Strengths to this current study include the prospective design and population-based setting with ascertainment of verified fracture-related hospitalisations with almost no loss to follow-up. Participants of this study were representative of older women of the Australian population. The average vegetable serves of the women in this study were 2.6 serves which is the same for older Australian women aged ≥75 years [
48]. In addition, there was also relatively detailed information on a number of known confounders including alcohol intake and socioeconomic status. Dietary information was collected at different time points and was collected using a validated and reproducible method of assessment. Limitations, however, need to be acknowledged. Participants of this study may have commenced taking calcium supplements or medications known to affect bone metabolism after the completion of the CAIFOS. However, we have demonstrated the proportion of participants that commenced taking calcium or calcium plus vitamin D supplements at the completion of the CAIFOS were similar across vegetable serve categories. In addition, medications known to affect bone metabolism are most likely prescribed after an osteoporotic fracture. Therefore, it is unlikely this would have influenced the interpretation of our findings. In addition, the dietary information, including habitual intakes of vegetables and fruits, were self-reported which may lead to misclassification of these variables. In addition, even though we adjusted for potential confounders such as dietary and lifestyle factors known to be associated with fracture risk, higher vegetable intakes may be a marker of a healthier lifestyle not completely captured by the lifestyle variables that we included as potential confounders in the multivariable-adjusted analyses. For example, participants consuming ≥3 serves/day of vegetable intake versus participants consuming <2 serves/day reported a 30% higher energy intake despite similar BMI. This suggests that they were more physically active.

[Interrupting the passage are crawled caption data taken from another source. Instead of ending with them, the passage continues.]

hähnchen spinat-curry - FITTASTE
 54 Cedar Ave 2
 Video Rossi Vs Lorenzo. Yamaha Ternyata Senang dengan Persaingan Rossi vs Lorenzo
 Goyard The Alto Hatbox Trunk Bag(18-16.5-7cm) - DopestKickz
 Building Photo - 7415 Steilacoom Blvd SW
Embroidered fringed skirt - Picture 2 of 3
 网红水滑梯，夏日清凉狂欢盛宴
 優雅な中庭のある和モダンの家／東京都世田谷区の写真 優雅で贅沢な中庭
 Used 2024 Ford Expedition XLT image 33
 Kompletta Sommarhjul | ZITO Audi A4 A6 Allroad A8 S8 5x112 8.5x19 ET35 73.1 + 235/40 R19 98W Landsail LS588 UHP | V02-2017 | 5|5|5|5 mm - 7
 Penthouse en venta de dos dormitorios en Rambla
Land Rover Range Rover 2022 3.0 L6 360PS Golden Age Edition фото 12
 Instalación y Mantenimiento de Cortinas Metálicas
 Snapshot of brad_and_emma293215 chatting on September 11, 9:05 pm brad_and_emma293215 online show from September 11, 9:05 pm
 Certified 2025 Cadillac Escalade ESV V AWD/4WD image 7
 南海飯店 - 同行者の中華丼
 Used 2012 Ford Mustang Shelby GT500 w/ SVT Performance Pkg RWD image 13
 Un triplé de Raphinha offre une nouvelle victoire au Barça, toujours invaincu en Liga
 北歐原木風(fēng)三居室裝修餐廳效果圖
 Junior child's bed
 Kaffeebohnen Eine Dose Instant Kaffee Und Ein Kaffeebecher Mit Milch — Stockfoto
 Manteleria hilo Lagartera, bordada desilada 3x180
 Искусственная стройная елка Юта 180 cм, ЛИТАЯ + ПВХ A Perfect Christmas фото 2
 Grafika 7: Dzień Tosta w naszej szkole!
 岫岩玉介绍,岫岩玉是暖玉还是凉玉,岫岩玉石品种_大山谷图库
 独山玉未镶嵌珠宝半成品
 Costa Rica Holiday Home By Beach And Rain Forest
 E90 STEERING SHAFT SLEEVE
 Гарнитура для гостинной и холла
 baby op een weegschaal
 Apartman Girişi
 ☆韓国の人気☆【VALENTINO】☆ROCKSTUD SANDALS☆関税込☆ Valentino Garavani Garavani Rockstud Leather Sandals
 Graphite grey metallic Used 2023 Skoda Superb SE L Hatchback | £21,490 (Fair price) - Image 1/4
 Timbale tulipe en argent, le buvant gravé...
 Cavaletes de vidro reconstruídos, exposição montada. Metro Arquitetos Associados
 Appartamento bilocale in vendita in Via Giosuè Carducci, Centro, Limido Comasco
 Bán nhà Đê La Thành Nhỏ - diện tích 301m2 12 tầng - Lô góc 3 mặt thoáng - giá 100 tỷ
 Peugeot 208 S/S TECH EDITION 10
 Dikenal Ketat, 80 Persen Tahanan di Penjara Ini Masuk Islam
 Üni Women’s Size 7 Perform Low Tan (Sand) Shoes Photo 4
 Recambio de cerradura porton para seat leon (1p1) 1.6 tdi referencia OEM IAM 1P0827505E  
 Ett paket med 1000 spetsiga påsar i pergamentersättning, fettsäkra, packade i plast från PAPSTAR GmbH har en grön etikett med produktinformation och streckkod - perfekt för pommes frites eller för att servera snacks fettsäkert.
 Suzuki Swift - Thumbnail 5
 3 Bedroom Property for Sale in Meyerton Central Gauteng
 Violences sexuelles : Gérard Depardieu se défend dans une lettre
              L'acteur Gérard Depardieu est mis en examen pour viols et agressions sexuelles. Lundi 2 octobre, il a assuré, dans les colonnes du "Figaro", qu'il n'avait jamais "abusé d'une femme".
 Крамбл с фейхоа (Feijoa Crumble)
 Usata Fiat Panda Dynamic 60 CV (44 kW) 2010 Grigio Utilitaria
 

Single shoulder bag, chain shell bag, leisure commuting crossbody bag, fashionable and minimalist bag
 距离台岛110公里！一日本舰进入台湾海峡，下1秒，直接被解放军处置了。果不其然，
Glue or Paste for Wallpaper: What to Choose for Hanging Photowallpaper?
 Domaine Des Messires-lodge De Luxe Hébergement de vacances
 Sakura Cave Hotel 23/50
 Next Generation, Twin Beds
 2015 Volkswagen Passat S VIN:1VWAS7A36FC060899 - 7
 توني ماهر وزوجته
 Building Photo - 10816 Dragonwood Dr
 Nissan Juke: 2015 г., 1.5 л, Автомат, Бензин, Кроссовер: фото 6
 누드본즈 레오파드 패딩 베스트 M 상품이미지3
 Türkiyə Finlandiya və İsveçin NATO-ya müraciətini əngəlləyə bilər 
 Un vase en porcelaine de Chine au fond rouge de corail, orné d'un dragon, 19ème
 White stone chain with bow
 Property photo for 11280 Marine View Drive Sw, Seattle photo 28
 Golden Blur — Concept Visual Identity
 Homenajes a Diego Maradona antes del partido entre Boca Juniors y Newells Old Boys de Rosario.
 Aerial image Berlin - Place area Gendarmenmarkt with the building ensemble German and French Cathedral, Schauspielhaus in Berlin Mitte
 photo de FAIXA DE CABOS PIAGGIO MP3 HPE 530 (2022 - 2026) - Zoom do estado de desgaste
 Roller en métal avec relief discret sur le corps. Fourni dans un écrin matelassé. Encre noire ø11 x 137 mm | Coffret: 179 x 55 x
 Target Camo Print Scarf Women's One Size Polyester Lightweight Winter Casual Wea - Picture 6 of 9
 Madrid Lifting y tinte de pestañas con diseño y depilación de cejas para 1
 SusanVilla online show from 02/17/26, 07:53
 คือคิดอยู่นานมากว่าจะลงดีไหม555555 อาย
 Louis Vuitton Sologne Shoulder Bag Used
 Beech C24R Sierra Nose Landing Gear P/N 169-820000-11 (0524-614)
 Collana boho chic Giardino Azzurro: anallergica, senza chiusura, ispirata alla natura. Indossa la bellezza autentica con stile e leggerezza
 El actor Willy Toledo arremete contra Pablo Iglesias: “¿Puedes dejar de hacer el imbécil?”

Even though the relationships of cruciferous, allium, and total vegetable intakes with fracture-related hospitalisations persisted after adjustment for energy intake and physical activity, the reported physical activity is relatively imprecise in comparison with these lifestyle factors. Although physical activity has been associated with geometric indices of bone strength in this cohort [
49], reported physical activity using questionnaires are somewhat unreliable with the likelihood of under adjustment. We attempted to further address the possibility of higher vegetable intakes being a marker of a healthier lifestyle by adjusting for diet quality. This did attenuate the relationship for total and cruciferous vegetables, but not allium vegetables. The attenuation of the relationship for total and cruciferous vegetables and fracture-related hospitalisations indicates other constituents of a healthy diet at least partially explain the observed associations. It should also be noted that moderate correlations did exist between cruciferous and allium vegetables and total vegetable intakes. In addition, the inverse association between intakes of cruciferous vegetables and fracture-related hospitalisations was attenuated when adjusting for total vegetable intake. It is, therefore, possible that some of the effects seen for cruciferous vegetables may be due to their contribution to the overall increase in vegetable intake. Lastly, the observational nature of this study cannot establish a causal relationship, and the results of this study cannot be applied to younger cohorts and cohorts of older men.